The most promising and original part of the book is Drago's exploration of the postwar period. Reconstruction, or what he refers to as "The Civil War, Part II," opened up another new role for children—as a focal point for South Carolinians' remembrance of the Civil War (108). Adults recognized that children needed to become the standard-bearers of the Confederacy into the future, and the children initially appeared to oblige them. Boys, in particular, became "overly eager" in their commemoration of the South and had to be [End Page 426] restrained from violent acts (121). Drago stops short of examining how this dynamic persisted as these children reached adulthood and assumed positions of leadership and power in the South. He instead looks at how future generations of white children became similarly indoctrinated in the South's Confederate—and therefore, racial—mores, telling us about Strom Thurmond's childhood experience of hearing the fiery speeches of Ben Tillman and Cole Blease. By focusing on this cyclical nature of southern childhood rather than following the wartime generation of children consistently into the future, Drago misses an opportunity to assess what long-term impact the war had on the children who lived through it—a central question that begs for an answer.
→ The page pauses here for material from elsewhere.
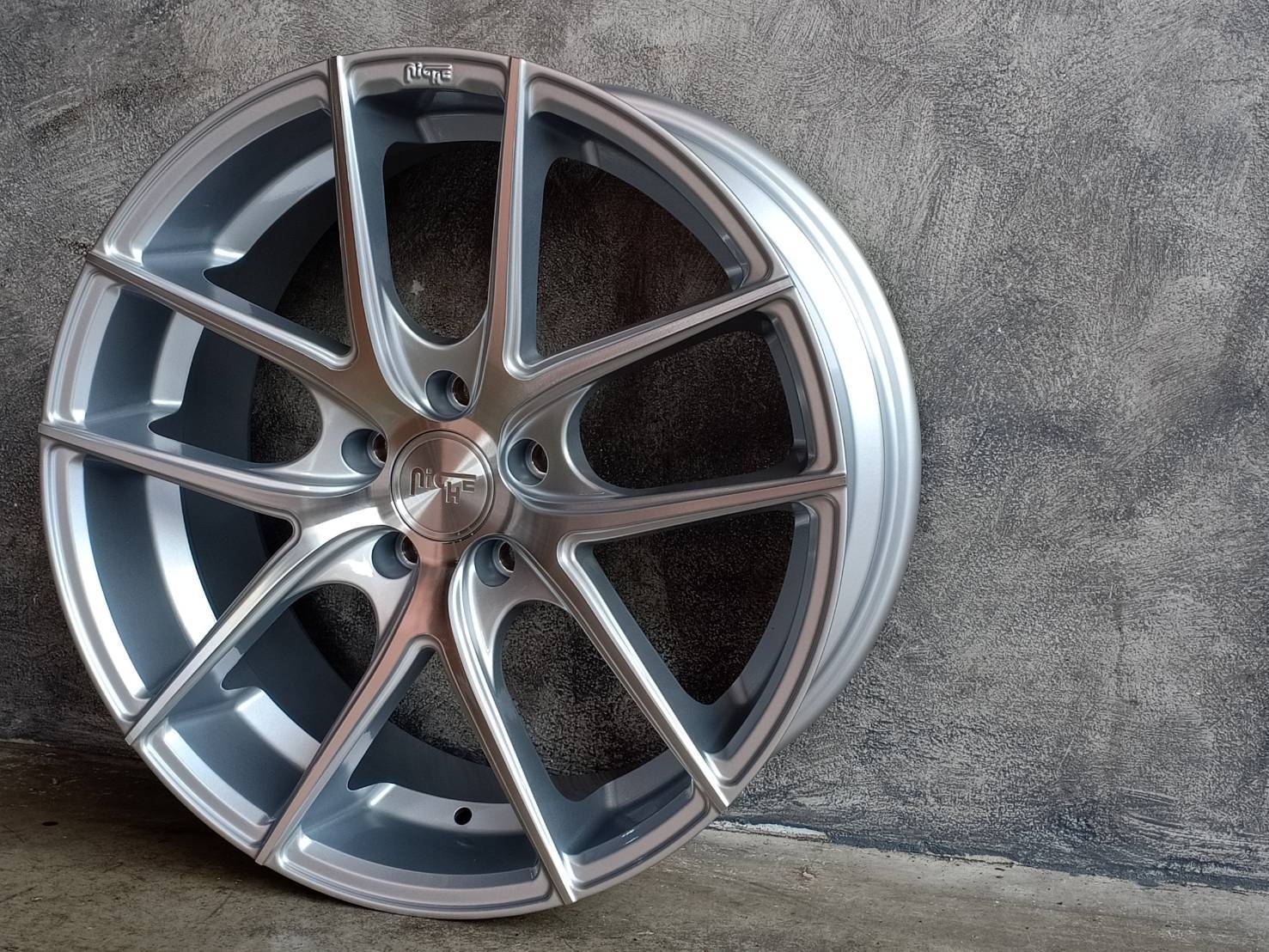 NICHE-TARGA 19X8.5 5X114.3 35 72.69 SILVER MACHINED W/GLOSS CLEAR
Drago is more suggestive than conclusive on other issues surrounding children. Throughout the book, he argues that patriarchy was at once threatened and strengthened over the course of the war—a familiar yet significant observation. But while talking in general terms about patriarchy's effect on families, he leaves implicit how a child's position in the patriarchy changed or stayed the same over time, or what that position meant specifically to children. An underexplored moment, for example, comes in a chapter on Sherman's March, in which Drago mentions how boys, amid the presence of black occupying troops in Charleston, helped older women, carried water for girls, and did errands for other fearful women—but does not explore what this reveals about the particular demands that the patriarchal ethos placed on white boys living on the home front. Drago may be hesitant to draw such conclusions for good reason: researching children is a difficult enterprise when their voices are so quiet or difficult to isolate in the historical record. Yet, a fuller understanding of children in the war requires such analysis.

Drago's book, nevertheless, is full of tantalizing evidence that will undoubtedly raise questions for its readers and, one hopes, will prompt additional research into the history of the war's children.